▸ **EXERCISE PROMPT**
Exactly the lines from the one holding "Happy New Year" through the last line of the listing below must appear in the answer, and no pictures.

** Opening GIVEN INFORMATION block **

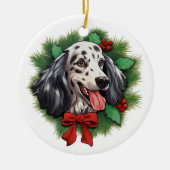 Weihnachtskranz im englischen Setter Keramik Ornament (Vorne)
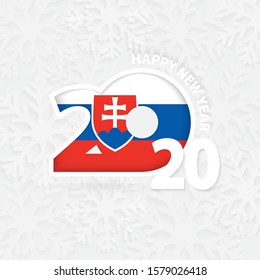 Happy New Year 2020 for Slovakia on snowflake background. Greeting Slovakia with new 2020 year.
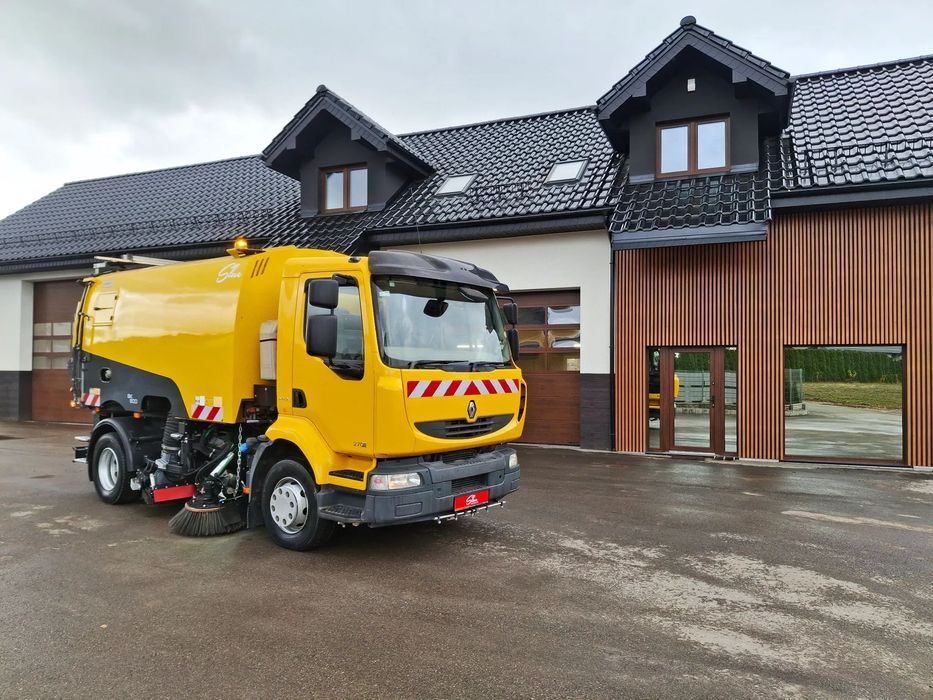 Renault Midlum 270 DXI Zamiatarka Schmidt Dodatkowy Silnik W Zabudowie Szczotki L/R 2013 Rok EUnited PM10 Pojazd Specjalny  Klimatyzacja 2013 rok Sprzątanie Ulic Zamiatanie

** Closing GIVEN INFORMATION block **

▸ **EXPECTED ANSWER**
 Happy New Year 2020 for Slovakia on snowflake background. Greeting Slovakia with new 2020 year.
 Renault Midlum 270 DXI Zamiatarka Schmidt Dodatkowy Silnik W Zabudowie Szczotki L/R 2013 Rok EUnited PM10 Pojazd Specjalny  Klimatyzacja 2013 rok Sprzątanie Ulic Zamiatanie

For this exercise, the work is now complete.